Jason Smith, area engineer for the SHA in Salisbury said the contractor, David A. Bramble Inc. in Chestertown, is “heavily working on it right now,” replacing the section between Oliver Drive and Rockawalkin Road.

“We aren’t holding anything back. The contractor is committed to getting things done. The goal is to have it open. If it’s early, that’s great,” Smith said this week.

“We’re at a bad time of year for this kind of work, when you’re getting inches and inches of rain.

“Because of the dam failure that happened a few years ago, they mostly took it back to the drawing board. We wanted a better design. We wanted something that is really going to work so we don’t have to do this again,” he said.

Also, approval from various department heads was needed and it was time consuming.

“You don’t build a dam in an emergency. There are a lot of calculations, how much water is being let through, etc. All the designs got done with an expedient process, but getting work done this year was kind of tough. It’s hard to work in soil, especially soil that is subterranean and especially when you are getting inches and inches of rain,” Smith said.

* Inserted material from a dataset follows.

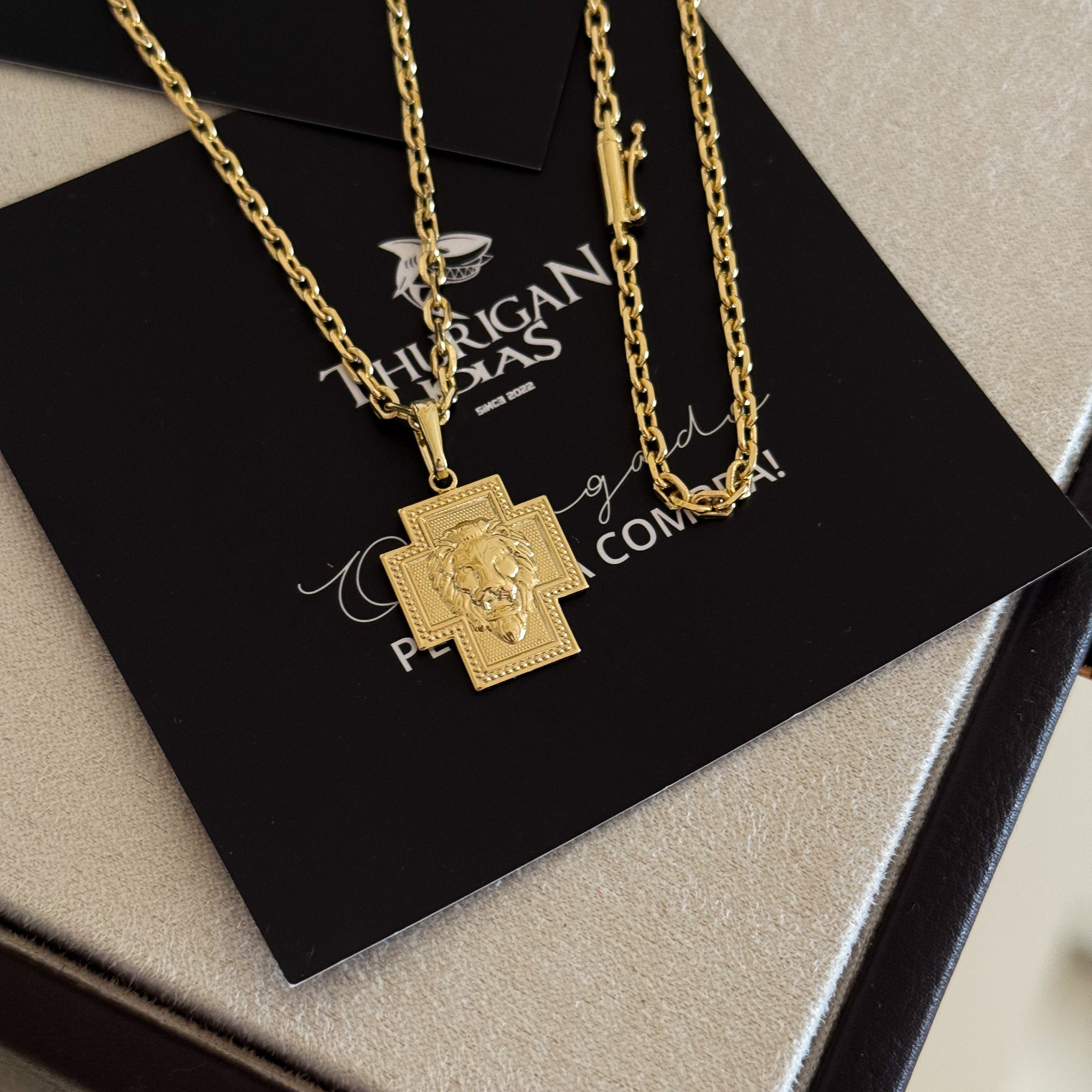 Colar Crucifixo Leão Judá - Corrente e Pulseira Cadeado 2mm Banhado A Ouro 18k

“We had to drive sheet pile to get the water level down and we asked God to stop dumping new water on us They we got in there and prosecute the work in an expedient fashion,” he said.

The box culvert is fully completed and now, he said, workers will undertake the painstaking process of putting all the pieces back together.

He described the original structure that drains the Riawalkin Pond as an island. During the storm in November, about a dozen trees broke loose in the pond, floated and clogged the entire draining structure, causing water to rise.

The night, there was an attempt to open the drain, but water went up over Nanticoke Road, causing erosion and washing out half of it.

“We stripped tree roots and dirt and the pipe, I guess, burped and spit out a lot of solid stuff, restoring that part of drainage, but the road was washed out. Mother Nature can be vicious. It carried away half the road or better,” Smith explained.

As the water level rose, the SHA closed the road and it was quickly realized the drainage structure was jammed.

“We had a two-day window trying everything we could to get that junk out of there. You were standing in waist-deep water, basically. It rained 7 inches in a 24-hour period.

“The storm pulled trees by roots. It took trees and a 25-foot long floating mass of soil, trees, root matter and floated it down into the riser structure of the drain,” Smith said.

He didn’t have a cost estimate for repairs, saying only it was an emergency contract.

Dallas Baker, Director of Public Works for Wicomico County, said when callers ask when the road will reopen, he reminds them it’s a state matter.

“No one is calling up directly to complain about it, but when they call to ask about Morris Mill Dam then they bring up Nanticoke Road, or if they call about anything Public Works-related. They will say, ‘Yes, I know it’s a state road but what have you guys heard?’” Baker said.

Smith said his SHA office has had “a fair share” of calls, too.

“People are not happy with the traffic situation because of the detour. It increases traffic on the roads that don’t necessarily get that much traffic unless there’s a detour. People are complaining about traffic speeding past their houses and not being able to back out of their driveways,” he said.

Maryland State Police have been asked to monitor the area for speeding, Smith said.